Hours later, I created a petition to the superintendent, asking her to address the photo and its inherent racism. Although it gathered over a thousand signatures, a counter-petition made to support the team was formed and quickly surpassed the original’s signatories by two-fold.
A rally to honor the football players was hastily scheduled some weeks in advance. ABC 6, a local news station picked the story up twice, each time deeply discounting the argument against the thin blue line flag.
When the majority of Marysville’s population looks at the photo, all they see is patriotism. Do blue lives matter? Of course they do, the police sacrifice so much! Thin green line? Well, that’s the military, isn’t it? I love the military; my family has served! And duh, the thin green line is firefighters! Who doesn’t want a good firefighter? Not once do they consider that these flags are not officially associated with the institutions they revere.

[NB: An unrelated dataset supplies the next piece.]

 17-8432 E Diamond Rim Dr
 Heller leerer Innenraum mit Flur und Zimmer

Instead, they are fringe symbols quickly creeping into the mainstream. We see it flying next to the American flag. We see it outside police stations. We see it on balloons, shoes, bracelets and bumper stickers. But where did it come from and what does it mean exactly?
The popularization of this and other desecrated flags can be traced to Thin Blue Line USA, a retailer selling all kinds of warped American symbolism. “Nearly two years ago,” a 2017 article on their website begins, “when the national support of law enforcement was needed the most, Andrew Jacob, President of Thin Blue Line USA, began a national movement.” The final word is a bit of a misnomer; the company actually began a countermovement.

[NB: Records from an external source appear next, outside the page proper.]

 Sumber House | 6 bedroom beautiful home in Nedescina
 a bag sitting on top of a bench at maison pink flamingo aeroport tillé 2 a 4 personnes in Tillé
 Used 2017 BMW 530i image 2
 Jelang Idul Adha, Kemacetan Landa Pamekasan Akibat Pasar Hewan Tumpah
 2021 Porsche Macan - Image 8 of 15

When one searches “blue lives matter” on Google, the thin blue line flag is the first image to appear. As most people know at this point, Black Lives Matter was founded in 2013 in response to the acquittal of the neighborhood watchman who killed Trayvon Martin, a 17-year-old Floridian. The similarity of their names is far from homage. Blue lives matter is another point of view at best and hateful opposition at worst.
In 2017, the flag was flown during a neo-Nazi rally in Charlottesville, Virginia, where a counter-protester was hit by a car and killed. Just last month, 17-year-old Kyle Rittenhouse, whose Facebook photo featured the thin blue line flag, crossed state borders with an AR-15 and killed two protestors in Kenosha, Wisconsin.

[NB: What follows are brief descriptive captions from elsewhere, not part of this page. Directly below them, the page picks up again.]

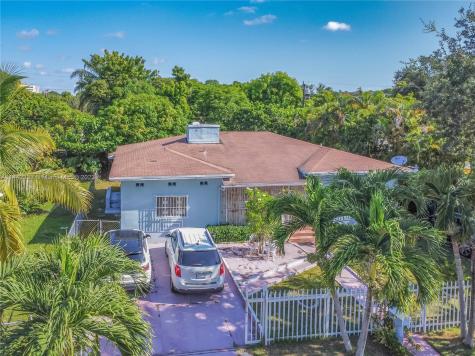 225 NE 48th Street Miami FL 33137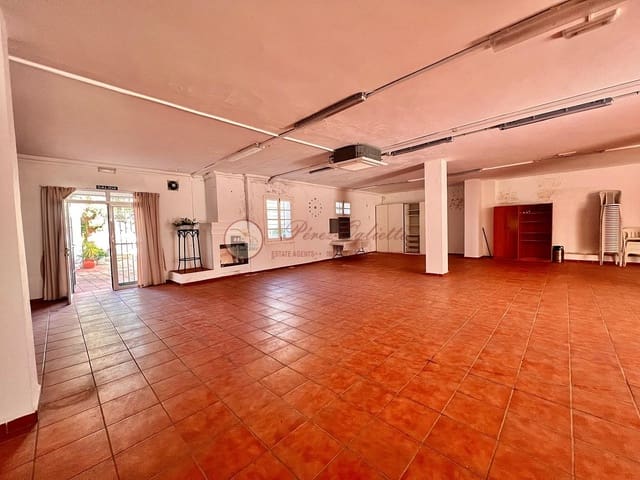 Kommersiell til salgs i Centro, Nerja - € 215 000 (Ref: 8785787)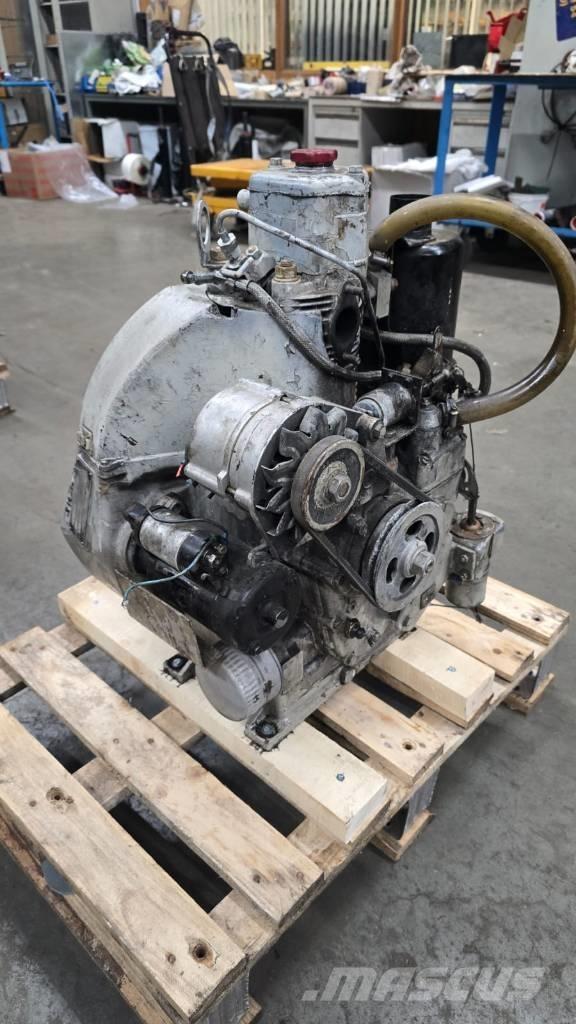 Deutz F1L210D Varikliai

Unlike a symbol that is officially commissioned by a governmental organization, especially one that has an established reputation for representing a certain body or affiliation, any icon that a corporation designs without direct involvement from an outside or objectifying party will unfortunately only be legitimized based on how it is received across history. The thin blue line flag is quickly gathering a history of hate.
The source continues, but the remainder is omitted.